Todosch is consistent in neither leaving nor creating any further art products. He merely directs the spectator to see his point of view; from there, one begins to observe the landscape alone, that one is led through by the traces of his creative process.
Imagine you are relaxing in a comfortable sofa at the bank while waiting for your personal banker. You have a few more minutes left; if you are not reading the flyers offering mortgages, you just look around. The big hall has marble paneling, live trees are in stone containers, and the counters are gilded. Everything there is to show that you are not the one to have money. You look behind you and… gosh, what is this? On the floor behind the beautiful leather sofas and armchairs are carefully heaped piles of wooden rockets of various size. They are surface-to-air or surface-to-surface missiles, but they are rough-hewn and nailed together from wood with some bark remaining. Some are even from Christmas trees.
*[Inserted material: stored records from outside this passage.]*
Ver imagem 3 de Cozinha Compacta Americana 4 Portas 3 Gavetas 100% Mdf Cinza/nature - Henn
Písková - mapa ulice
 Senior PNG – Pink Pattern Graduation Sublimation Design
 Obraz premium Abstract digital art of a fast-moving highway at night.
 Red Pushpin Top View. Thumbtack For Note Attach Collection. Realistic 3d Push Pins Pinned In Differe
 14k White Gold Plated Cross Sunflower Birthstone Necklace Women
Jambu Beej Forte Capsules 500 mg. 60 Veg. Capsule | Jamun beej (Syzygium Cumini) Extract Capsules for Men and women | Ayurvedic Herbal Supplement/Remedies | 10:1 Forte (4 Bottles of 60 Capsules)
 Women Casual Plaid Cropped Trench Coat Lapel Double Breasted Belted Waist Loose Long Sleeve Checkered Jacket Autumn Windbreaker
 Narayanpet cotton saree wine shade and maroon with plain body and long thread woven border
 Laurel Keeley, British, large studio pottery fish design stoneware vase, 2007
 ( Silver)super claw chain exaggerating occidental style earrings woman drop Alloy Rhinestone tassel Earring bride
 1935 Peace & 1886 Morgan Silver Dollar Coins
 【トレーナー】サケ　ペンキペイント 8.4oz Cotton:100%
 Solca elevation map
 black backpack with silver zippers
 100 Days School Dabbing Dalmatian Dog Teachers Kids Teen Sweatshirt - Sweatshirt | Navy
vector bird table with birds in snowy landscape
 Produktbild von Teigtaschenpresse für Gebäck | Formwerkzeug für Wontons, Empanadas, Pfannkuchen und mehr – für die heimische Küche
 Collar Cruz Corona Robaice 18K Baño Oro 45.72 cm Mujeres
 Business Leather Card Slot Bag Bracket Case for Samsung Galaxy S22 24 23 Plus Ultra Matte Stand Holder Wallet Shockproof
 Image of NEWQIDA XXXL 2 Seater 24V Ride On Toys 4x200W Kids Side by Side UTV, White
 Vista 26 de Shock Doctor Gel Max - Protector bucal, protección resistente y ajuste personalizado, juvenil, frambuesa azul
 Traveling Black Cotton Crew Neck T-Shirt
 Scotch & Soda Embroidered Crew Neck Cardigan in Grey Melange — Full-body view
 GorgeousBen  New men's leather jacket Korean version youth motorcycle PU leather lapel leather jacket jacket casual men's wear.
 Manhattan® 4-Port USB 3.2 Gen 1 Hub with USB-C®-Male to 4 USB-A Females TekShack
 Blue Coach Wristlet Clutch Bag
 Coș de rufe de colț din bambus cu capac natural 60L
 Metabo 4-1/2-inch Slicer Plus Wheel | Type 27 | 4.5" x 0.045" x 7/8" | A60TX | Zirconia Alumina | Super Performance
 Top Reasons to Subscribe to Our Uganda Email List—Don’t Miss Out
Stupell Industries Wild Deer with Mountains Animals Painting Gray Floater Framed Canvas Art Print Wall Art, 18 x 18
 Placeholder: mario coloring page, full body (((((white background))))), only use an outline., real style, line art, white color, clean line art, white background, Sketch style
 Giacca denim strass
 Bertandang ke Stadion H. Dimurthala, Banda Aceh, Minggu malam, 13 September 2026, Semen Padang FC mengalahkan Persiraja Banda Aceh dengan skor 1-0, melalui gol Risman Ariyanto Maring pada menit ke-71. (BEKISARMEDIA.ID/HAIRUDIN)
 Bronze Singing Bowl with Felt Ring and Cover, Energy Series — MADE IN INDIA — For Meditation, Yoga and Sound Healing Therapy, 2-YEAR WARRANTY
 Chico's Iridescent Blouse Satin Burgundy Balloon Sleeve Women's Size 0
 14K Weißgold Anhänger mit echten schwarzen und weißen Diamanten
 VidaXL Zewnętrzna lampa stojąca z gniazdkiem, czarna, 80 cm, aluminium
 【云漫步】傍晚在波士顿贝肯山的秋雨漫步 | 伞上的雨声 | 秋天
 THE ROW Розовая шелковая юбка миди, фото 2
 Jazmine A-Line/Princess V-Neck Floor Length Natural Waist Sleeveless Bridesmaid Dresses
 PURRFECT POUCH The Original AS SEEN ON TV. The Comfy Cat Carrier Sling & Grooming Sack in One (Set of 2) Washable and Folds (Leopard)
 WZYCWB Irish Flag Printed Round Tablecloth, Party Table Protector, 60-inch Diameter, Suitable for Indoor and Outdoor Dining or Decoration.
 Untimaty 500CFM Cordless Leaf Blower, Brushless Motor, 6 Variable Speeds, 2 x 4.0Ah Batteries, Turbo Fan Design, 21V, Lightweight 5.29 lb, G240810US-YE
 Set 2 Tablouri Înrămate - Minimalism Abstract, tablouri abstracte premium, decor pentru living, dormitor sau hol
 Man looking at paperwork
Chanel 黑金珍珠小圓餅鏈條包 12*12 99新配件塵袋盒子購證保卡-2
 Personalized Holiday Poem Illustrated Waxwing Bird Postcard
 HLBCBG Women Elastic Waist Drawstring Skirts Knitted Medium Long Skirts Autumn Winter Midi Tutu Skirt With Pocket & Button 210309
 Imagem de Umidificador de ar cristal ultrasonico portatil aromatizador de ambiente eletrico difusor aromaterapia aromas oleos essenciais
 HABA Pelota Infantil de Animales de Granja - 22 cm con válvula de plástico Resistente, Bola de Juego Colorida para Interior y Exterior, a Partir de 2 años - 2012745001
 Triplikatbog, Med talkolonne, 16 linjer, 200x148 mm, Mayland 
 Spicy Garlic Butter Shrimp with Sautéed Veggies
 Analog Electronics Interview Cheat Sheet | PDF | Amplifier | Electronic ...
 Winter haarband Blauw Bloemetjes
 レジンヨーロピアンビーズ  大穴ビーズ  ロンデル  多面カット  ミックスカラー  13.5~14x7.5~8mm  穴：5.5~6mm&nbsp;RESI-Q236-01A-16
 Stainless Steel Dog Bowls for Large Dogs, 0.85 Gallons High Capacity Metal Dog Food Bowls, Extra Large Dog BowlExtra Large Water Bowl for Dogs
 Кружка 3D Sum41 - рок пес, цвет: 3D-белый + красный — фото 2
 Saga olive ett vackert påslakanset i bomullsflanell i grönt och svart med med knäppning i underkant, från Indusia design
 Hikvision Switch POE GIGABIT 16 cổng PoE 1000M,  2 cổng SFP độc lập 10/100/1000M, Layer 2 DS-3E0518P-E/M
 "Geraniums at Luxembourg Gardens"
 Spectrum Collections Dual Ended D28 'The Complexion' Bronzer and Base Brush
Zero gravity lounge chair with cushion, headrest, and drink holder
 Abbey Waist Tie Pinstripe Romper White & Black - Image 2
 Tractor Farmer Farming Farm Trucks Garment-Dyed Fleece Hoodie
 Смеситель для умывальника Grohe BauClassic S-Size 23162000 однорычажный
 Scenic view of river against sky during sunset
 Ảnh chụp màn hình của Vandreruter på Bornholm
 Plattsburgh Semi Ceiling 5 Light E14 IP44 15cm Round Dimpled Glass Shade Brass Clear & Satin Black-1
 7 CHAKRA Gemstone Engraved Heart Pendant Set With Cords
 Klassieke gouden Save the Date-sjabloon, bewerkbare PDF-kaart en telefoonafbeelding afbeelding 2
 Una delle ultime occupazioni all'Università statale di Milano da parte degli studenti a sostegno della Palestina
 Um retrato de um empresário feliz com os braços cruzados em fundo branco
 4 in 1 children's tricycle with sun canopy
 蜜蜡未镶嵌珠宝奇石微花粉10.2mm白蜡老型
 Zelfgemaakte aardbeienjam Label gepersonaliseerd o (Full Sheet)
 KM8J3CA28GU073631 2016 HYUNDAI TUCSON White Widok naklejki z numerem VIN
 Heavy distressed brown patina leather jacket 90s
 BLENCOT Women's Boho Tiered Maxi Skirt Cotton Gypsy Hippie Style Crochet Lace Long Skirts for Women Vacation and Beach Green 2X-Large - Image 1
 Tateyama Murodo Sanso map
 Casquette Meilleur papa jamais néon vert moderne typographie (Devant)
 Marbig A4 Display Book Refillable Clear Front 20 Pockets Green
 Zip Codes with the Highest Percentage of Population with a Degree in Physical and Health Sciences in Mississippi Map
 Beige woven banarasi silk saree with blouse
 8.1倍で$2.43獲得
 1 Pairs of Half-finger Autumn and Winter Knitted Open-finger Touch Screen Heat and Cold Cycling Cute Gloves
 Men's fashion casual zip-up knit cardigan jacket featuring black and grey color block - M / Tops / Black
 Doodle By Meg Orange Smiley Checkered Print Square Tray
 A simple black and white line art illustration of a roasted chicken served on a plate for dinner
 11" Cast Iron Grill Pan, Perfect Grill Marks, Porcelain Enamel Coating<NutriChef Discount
When your business is done and you’ve complained about the strange installation in the hall, you go for a walk into the park. There, you are confronted by a huge robust but dynamic sandstone statue. You gaze at it, admiring its strange but familiar shapes. The statue has a grim but hearty expression. Is it an animal or some abstract conglomerate? What does it remind you of? Oh yes. It’s the elemental features of a Pokemon character, rendered as a multi-ton monument.
On the street you come across a flyer with a manifesto of revolutionary handymen. DIY is one of the few activities never to be mentioned in any holy book, not even in the bible. Because DIY and art are the most useless activities, they are among the most attractive. It is good to link them with a revolution, to confirm their qualities. “Do it yourself; in that way you gain a modicum of creative self-confidence.” Although you can buy such decorative crap with your hard-earned money on every street corner. It is of no use, but you need it. It might be very ugly but it is your piece of work. Maybe you won’t go straight home but stop by Bauhaus for some cheap tools, gather a few boards and wires to make a shelf at least or to cut a spoiler for your car. You keep thinking this all might be a bit silly, and you are puzzled by the sentences from the black and white flyer with a car wreck which Africans changed into a parade float.
And amid all this, a man digging a tunnel towards your home; the man who created all this will one day crawl out of a hole in your living room with a mischievous grin on his face. It’s your dog eat dog world.